Major cities across the United States have seen a drastic increase in immigrant arrests due to a concerted effort by U.S. Immigration and Customs Enforcement (ICE). According to Fusion, as many as 680 arrests were made in just a five-day period. 

Raids were reportedly conducted in New York City, Los Angeles, Chicago, San Antonio and Atlanta. ICE claims that 75% of these arrests were “criminal aliens, convicted of crimes including, but not limited to, homicide, aggravated sexual abuse, sexual assault of a minor, lewd and lascivious acts with a child, indecent liberties with a minor, drug trafficking, battery, assault, DUI and weapons charges.”

However, what about that other 25%? That probably includes people who are a lot more like Daniel Ramirez Medina, who was arrested despite being protected under DACA, according to CNN.

While Ramirez’s attorneys claim that he’s been”presently detained without justification” since Feb. 10, ICE has presented a different story, depicting him as a “risk to public safety” due to alleged gang ties.

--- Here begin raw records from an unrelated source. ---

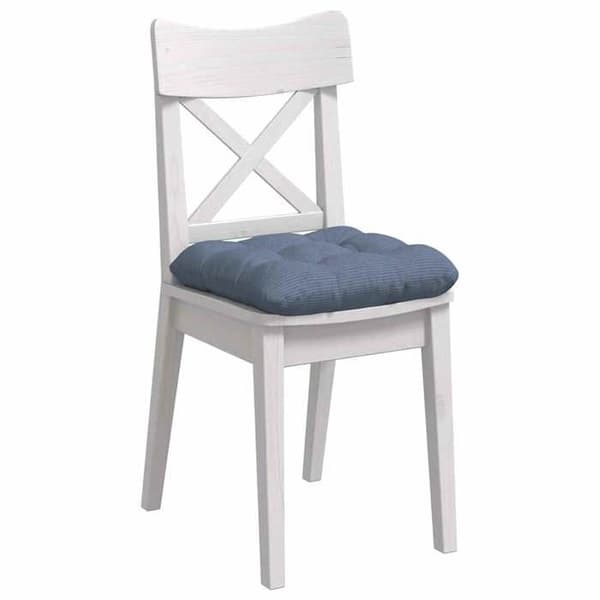 Sittkuddar - EXKLUSIVT HEM - 4-pack - Kordflod - 40 x 40 cm - Blå Blå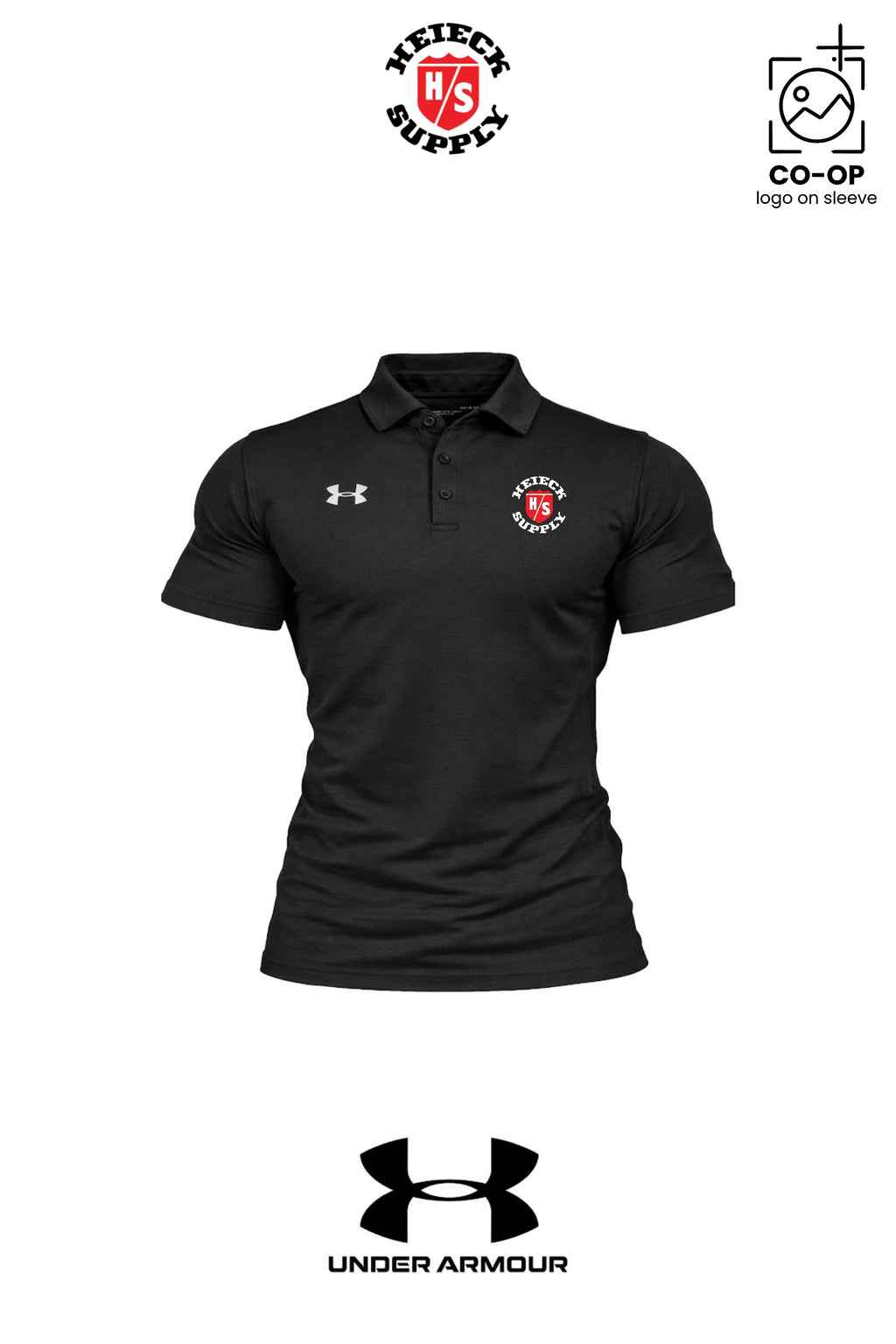 Under Armour Mens Tech™ Polo - HEIECK SUPPLY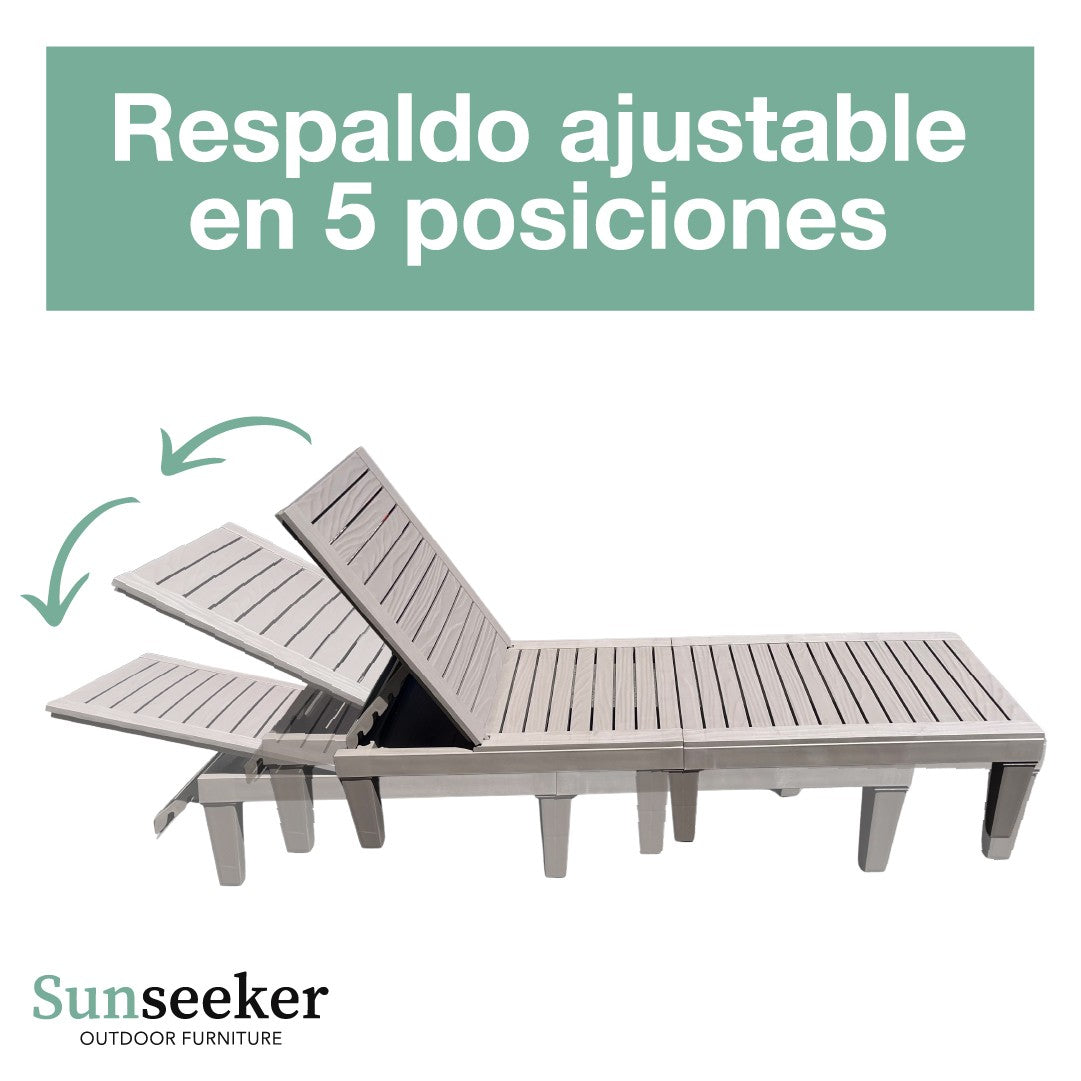 Reposera Sun Lounger Madera Sunseeker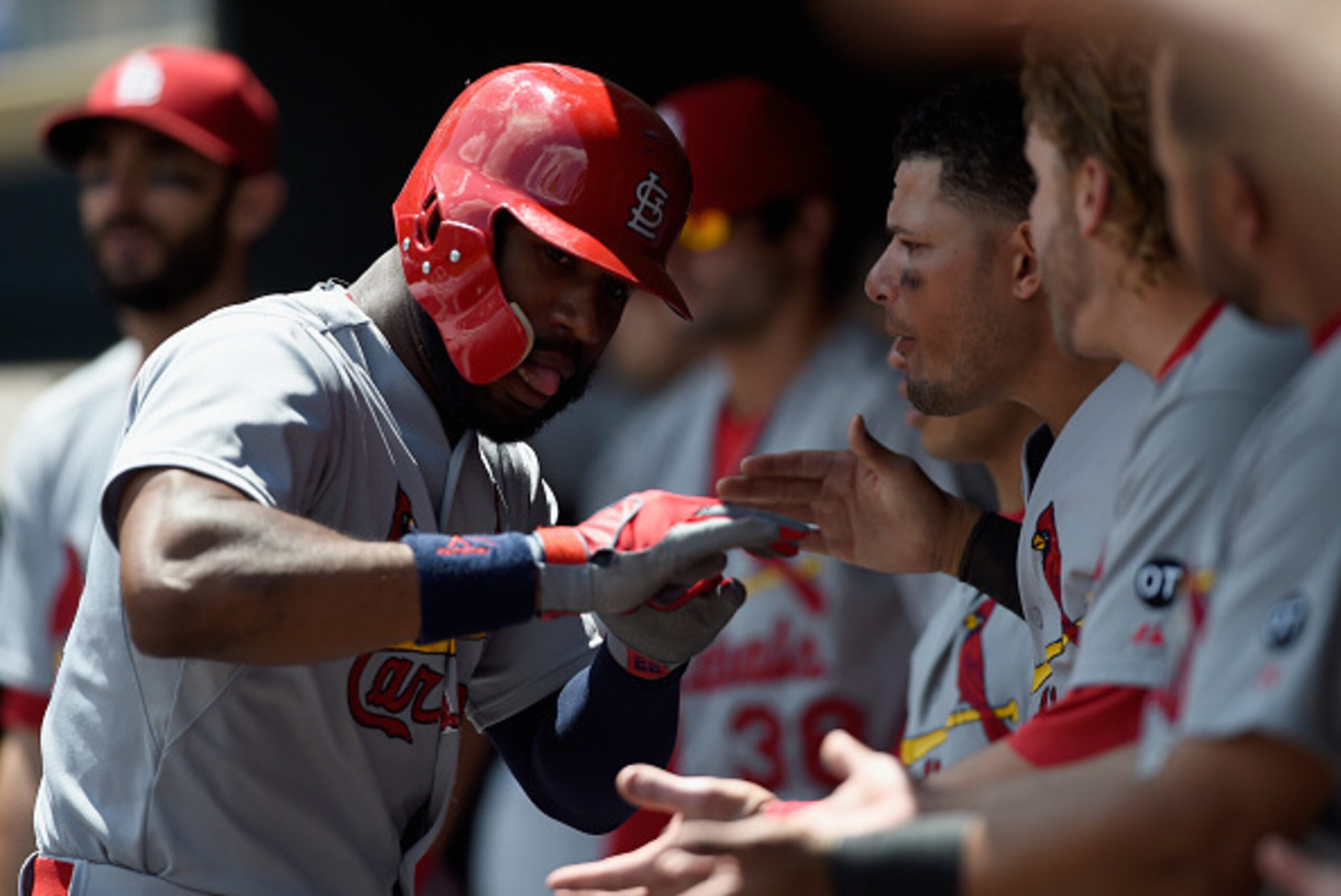 MINNEAPOLIS, MN - JUNE 18: Jason Heyward #22 of the St. Louis Cardinals celebrates after hitting a solo home run against the Minnesota Twins during the seventh inning on June 18, 2015 at Target Field in Minneapolis, Minnesota. The Twins defeated the Cardi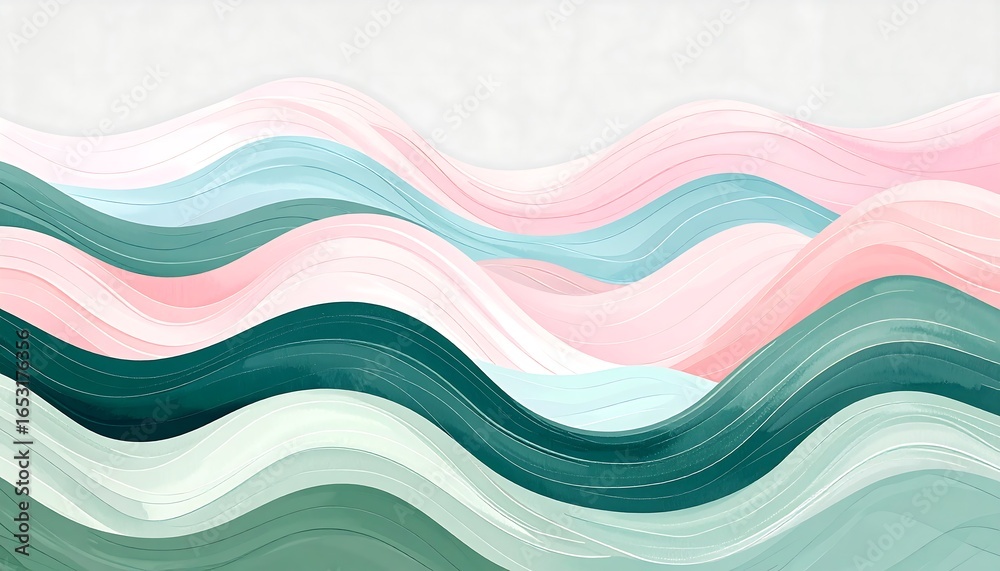 Fototapeta premium Abstract wavy background (2)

In Southern California alone, 161 people were detained while numbers aren’t much better in other parts of the country. The South saw 192 people detained from Georgia, South Carolina and North Carolina and an additional 51 from San Antonio alone; only 23 of which had criminal records.

President Barack Obama’s history with deportation is shaky, to say the least, and some don’t see much of a difference between his administration and Donald Trump’s in regards to it. During the Obama administration, ICE detained a total of 2,059 immigrants in March 2015.

In recent days, there have been local reports of officers checking identification of Latinx and Muslim citizens, particularly in Chicago. While these haven’t been substantiated, there have been confirmed instances of police checking bags on Chicago’s Red Line as “part of routine checks, according to Chicagoist.

Could this be the nationwide crackdown President Trump has promised for more than a year? Only time will tell.